When the Paycheck Protection Program began last year, the Trump administration — eager to get money out the door as quickly as possible — eliminated most of the safeguards that normally accompany business loans. With applications approved almost instantly, thieves and ineligible borrowers siphoned billions of dollars from the $523 billion the program distributed last year.
In December, Congress approved $284 billion for a new round of lending, including second loans to the hardest-hit businesses. This time, the Small Business Administration was determined to crack down. Instead of immediately approving applications from banks, it held them for a day or two to verify some information.
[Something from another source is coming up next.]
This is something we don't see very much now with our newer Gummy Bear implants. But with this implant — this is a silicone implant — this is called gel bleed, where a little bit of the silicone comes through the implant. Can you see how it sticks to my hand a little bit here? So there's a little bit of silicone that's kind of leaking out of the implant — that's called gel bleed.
That caused — or exposed — a cascade of problems. Formatting applications in ways that will pass the agency’s automated vetting has been a challenge for some lenders, and many have had to revise their technology systems almost daily to keep up with adjustments to the agency’s system. False red flags, which can require time-consuming human intervention to fix, remain a problem.
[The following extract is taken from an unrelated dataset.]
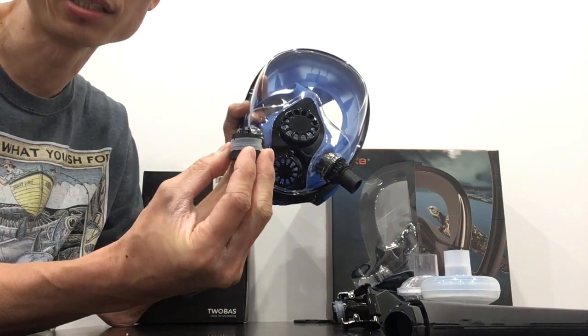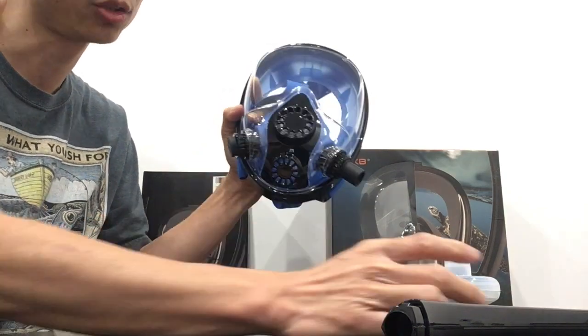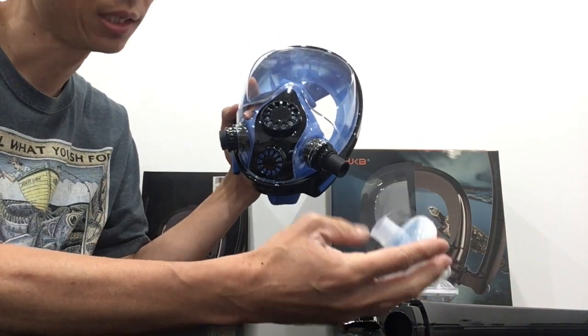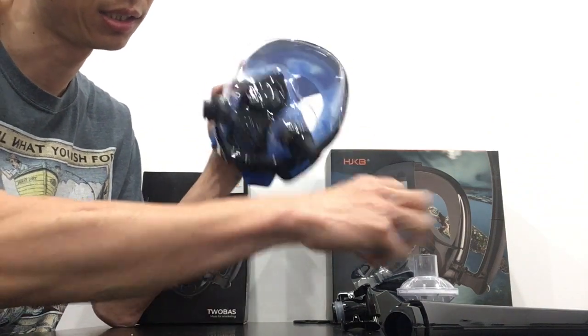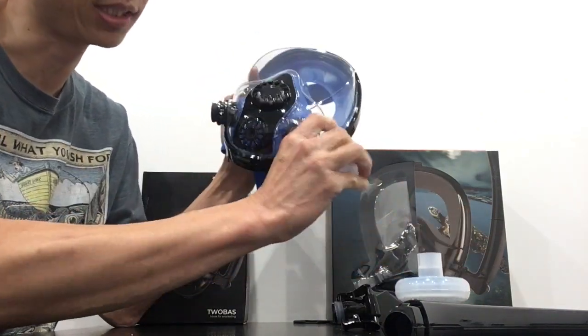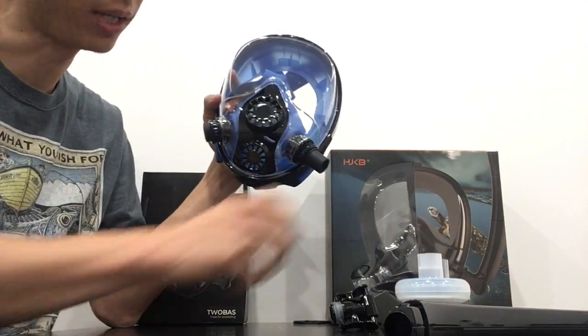We've also placed a plug on Thingiverse that you can use to plug the other portal if you only have one snorkel, one filter. The filter will fit directly onto the adapter, regardless of the adapter that you choose, and you can breathe through that.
The problems can be even more complicated for applicants seeking second loans who flew through the process the first time despite errors that are being discovered only now.
Nearly 5 percent of the 5.2 million loans made last year had “anomalies,” the agency said last month, ranging from minor mistakes like typos to major ones like ineligibility. Even tiny mistakes can spiral into bureaucratic disasters.
In mid-February, the agency began allowing lenders to essentially override many of its error flags and self-certify the eligibility of borrowers tangled in red tape. It also has a dedicated help line for lenders, but that, too, has been overwhelmed.
Lenders and government officials believe the program’s funding will be enough to meet demand. The first Paycheck Protection Program ran out of funding in less than two weeks. This time, more than one month in, the program has disbursed less than half of the available money.
But the clock is ticking: Lending is scheduled to end March 31. That deadline has spooked some borrowers who fear they will not get their problems resolved in time.